--- START ---

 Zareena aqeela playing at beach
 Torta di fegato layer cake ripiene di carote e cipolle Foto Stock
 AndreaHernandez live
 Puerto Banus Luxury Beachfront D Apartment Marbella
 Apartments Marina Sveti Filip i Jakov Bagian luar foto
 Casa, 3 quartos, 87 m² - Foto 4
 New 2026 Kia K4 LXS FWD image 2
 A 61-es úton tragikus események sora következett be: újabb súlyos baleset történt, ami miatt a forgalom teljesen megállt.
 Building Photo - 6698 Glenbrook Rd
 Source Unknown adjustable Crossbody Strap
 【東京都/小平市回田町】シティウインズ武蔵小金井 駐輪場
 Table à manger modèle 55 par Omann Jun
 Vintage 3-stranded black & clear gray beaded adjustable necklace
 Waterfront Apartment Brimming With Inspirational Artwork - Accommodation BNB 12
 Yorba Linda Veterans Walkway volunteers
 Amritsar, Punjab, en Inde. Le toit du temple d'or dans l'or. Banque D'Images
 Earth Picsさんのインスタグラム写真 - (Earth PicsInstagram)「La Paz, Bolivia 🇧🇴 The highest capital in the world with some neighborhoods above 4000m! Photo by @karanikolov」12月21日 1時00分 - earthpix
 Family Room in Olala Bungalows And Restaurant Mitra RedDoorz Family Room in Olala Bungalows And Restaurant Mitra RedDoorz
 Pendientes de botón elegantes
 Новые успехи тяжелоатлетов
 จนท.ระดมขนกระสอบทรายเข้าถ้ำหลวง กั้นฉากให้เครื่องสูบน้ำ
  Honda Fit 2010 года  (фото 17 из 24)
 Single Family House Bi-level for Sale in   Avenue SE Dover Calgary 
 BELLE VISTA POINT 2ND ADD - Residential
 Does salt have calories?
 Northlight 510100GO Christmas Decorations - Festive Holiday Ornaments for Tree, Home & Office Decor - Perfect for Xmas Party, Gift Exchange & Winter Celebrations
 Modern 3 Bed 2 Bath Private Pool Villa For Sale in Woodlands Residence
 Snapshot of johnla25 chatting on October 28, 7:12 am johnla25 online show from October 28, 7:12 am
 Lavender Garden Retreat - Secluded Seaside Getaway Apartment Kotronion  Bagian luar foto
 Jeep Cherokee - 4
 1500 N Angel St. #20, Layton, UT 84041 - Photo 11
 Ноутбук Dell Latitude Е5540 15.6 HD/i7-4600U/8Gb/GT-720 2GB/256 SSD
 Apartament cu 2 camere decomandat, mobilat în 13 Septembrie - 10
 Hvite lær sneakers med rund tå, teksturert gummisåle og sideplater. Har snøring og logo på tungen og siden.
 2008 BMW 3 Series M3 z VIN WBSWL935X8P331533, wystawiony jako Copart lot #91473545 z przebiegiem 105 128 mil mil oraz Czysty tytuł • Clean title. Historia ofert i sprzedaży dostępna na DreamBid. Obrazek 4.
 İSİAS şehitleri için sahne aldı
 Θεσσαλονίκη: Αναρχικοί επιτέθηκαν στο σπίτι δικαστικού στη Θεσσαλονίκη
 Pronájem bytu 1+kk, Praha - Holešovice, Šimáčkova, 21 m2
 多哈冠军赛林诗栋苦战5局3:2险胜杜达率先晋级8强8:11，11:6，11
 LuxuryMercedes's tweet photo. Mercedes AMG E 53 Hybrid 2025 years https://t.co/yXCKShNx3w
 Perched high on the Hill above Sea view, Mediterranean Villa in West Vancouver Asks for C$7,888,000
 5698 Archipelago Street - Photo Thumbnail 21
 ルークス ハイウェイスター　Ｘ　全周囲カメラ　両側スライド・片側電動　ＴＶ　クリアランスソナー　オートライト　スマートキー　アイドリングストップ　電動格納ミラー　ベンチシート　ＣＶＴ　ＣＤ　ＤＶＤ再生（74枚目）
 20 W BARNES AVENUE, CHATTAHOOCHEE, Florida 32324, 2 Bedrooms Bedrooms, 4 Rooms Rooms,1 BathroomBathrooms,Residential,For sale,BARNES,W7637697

--- END ---

* Your objective *
Produce the number of lines in the data containing the string "luar", with nothing added.

* Task solution *
2